Learning from gender research in agriculture

Bangaldesh. Photo: IFPRI, A. Quisumbing

Gender research is still sparse for gender and aquaculture, fisheries and the coasts. Gender studies are a little further advanced in agriculture and natural resource management. Very useful resource materials can be found from the work of the International Food Policy Research Institute (IFPRI), one of the CGIAR Centers. Here are 5 links to IFPRI resources on gender and development.

  1. Gender Toolbox: http://www.ifpri.org/book-20/ourwork/researcharea/gender/gender-tool-box

Includes links to many valuable and essential analytical tools and sex-disaggregated databases and gender-sensitive databases.

2.    Gender and collective action: http://www.ifpri.org/sites/default/files/publications/CAPRIWP64.pdf

CAPRI working paper, 2007, by Lauren Pandolfelli,  Ruth Meinzen-Dick and Stephan Dohrn

‘This paper presents a framework for investigating the intersection of collective action and gender; i.e. how gender-oriented analysis can foster more effective collective action in the context of agriculture and natural resource management and how collective action can be used as a vehicle for gender equity.
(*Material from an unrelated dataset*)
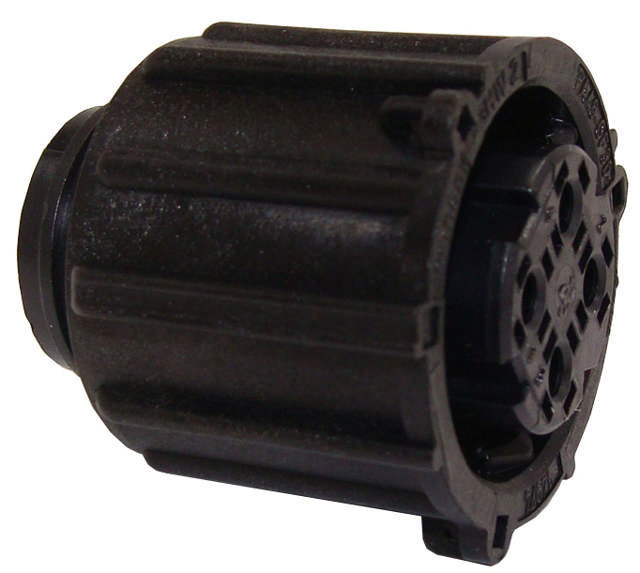 SLEEVE VKR FEMALE 17984.000.002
We begin with definitions of the key concepts and then present three entry points for a gendered analysis of collective action-motivations, effectiveness, and impact on gender equity- vis-à-vis the Institutional Analysis and Development (IAD) framework (Oakerson 1992; Ostrom 1991). At the heart of this framework is the action arena, which is shaped by a host of initial conditions, including asset endowments, vulnerabilities, and legal and governance systems that influence a range of outcomes. Applying a gender lens to this framework, we present an analysis of how women and men experience the initial set of conditions differently and thus, have different motivations and capacities for engaging in collective action. Next, we look at how the gender composition of groups affects the effectiveness of collective action, and finally, at the impact of collective action on gender equity and women’s empowerment. We conclude with a discussion of how this framework can improve our understanding of gender and collective action in order to facilitate more effective collective action while fostering gender equity.’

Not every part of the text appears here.